The Science of Technology Adoption

The Science of Technology Adoption

David Shaywitz, a physician-scientist turned venture partner, lamented the tyranny of the dashboard not long ago. In his excellent piece on healthcare innovation and the technology adoption life cycle, David is concerned that the ideology of big data − with the dashboard as a key symbol and feature, has taken on a life of its own, assuming a sense of both inevitability and self-justification. From measurement in service of people, we measure in service of data. The risk is measuring much that is unimportant while not capturing what is important, including subjective, expert judgment.

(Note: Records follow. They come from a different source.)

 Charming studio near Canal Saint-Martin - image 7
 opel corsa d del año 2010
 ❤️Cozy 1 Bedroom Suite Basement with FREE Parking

As an independent consultant to companies developing consumer-facing digital health applications, I see the tyranny in new form factors like the dashboard, but also in the expectation that clinicians and patients adopt a new tool from day one. Build it and they will come is the mantra.

But when people are busy and unfamiliar with a product, why would they come? There’s nothing positive that awaits, or what psychologists call positive immediate consequences (PICs), a.k.a. rewards, such as a beer, pizza party, chocolate, or stars (for those of us under the age of 6). Really, there are only negatives (NICs): normal routines are disrupted; people have to make an effort learning something new; risk getting it wrong or not getting it at all; be reprimanded by a supervisor; remember a new login, et cetera. Interestingly, in Dutch (my native language) “niks” means ‘nothing’.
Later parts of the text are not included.